A number of projects are starting production. BP’s 30 thousand b/d Thunder Horse Northwest expansion and Shell’s 0.18 mb/d Appomattox project are both now online. Talos Energy’s 20 thousand b/d Tornado 3 project (a tieback to Phoenix) commenced production in April, and LLOG’s 30 thousand b/d Buckskin project (a tieback to Lucius) started to produce first oil in June. Short-cycle tieback projects to boost oil output have helped drive offshore breakevens below $40 per barrel in some instances, along with a variety of improved efficiencies, including better designs and fabrication as well as expert drilling execution. In the process of boosting oil output, those tiebacks will help support gas output.

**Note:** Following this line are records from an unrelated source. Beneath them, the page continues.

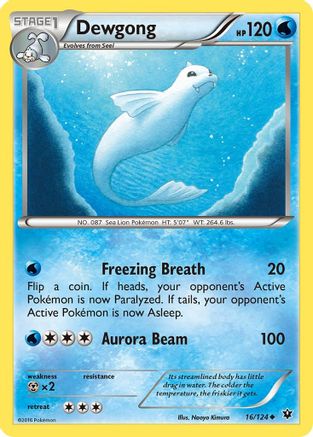 Dewgong (16)/124 Uncommon Reverse Holofoil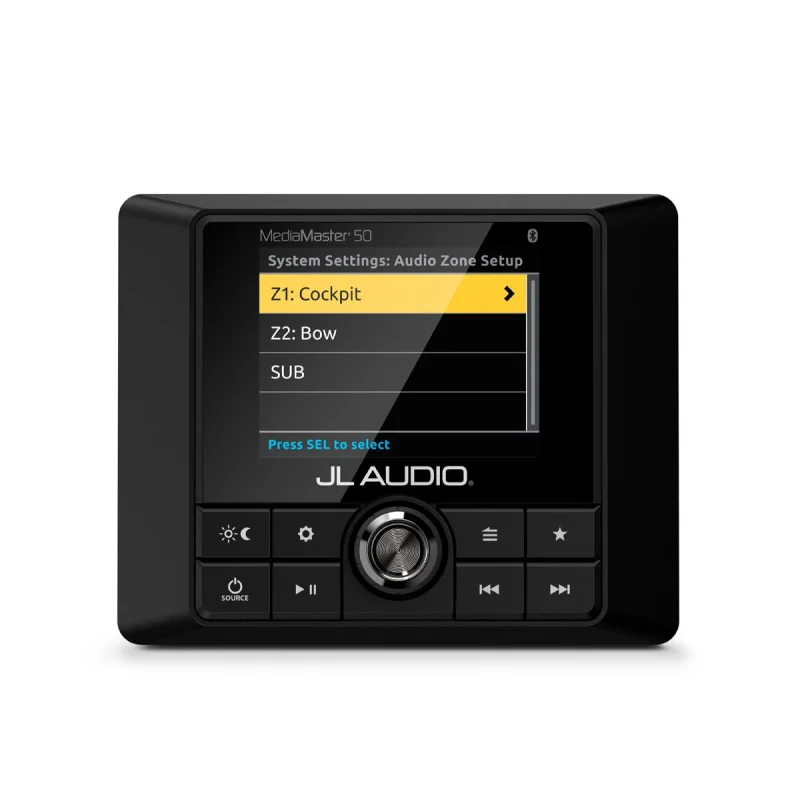 JL Audio MM50 Radio Marino con pantalla LCD a color, 25W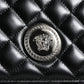 Versace Versace Black Quilted Lambskin Leather Crossbody Shoulder Bag/Black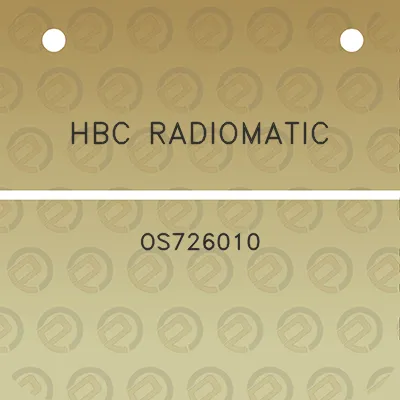 hbc-radiomatic-os726010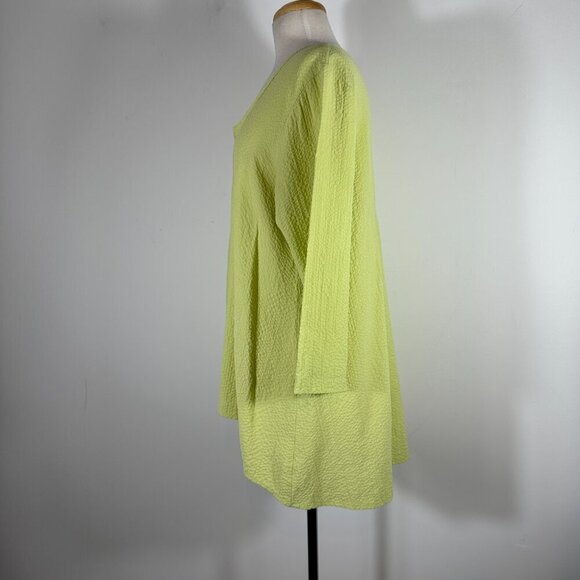 Habitat Clothes to Live In Tunic Top Women Small Green Lagenlook Relaxed - Picture 6 of 11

From January 2017 to March 2019 (when data is mostly complete but still preliminary), the number of existing wells in the GoM declined by 20% to around 2,500. In that time, 380 new wells have come online, accounting for around 37% of the basin’s total oil output. The vast majority of new wells are tiebacks; only 10 wells are attributable to new platforms, including La Femme, Stampede and Big Foot.
Since Q4 18, applications for drilling permits soared in the GoM (see Fig 2), suggesting deepwater activity is increasing. Of the 34 permits filed in May, 14 report the area of interest and all but one are located in mature fields, suggesting tiebacks. The remaining permit links to a new property in Mississippi Canyon 940, a block of Shell’s Vito project, which is scheduled to start production in 2021.
Not only do tieback projects require less investment (both upfront and full-lifecycle), they also have a shorter ramp-up period than traditional spars and semisubmersible platforms. The embedded value of their real optionality (to delay, suspend or expand) becomes valuable when oil volatility increases, as companies have more flexibility. According to an EIA upstream study (Trends in U.S. Oil and Natural Gas Upstream Costs) published in 2016, the cost of GoM deepwater subsea systems ranges from $100 million to $1.5 billion, mostly dependent on the distance to the platform. Larger spar projects (with associated subsea systems) could cost as much as $6.3 billion, and there are also the more expensive tension leg and semisubmersible platforms (see Fig 3). The cheaper costs of tiebacks have recently attracted the most offshore investment.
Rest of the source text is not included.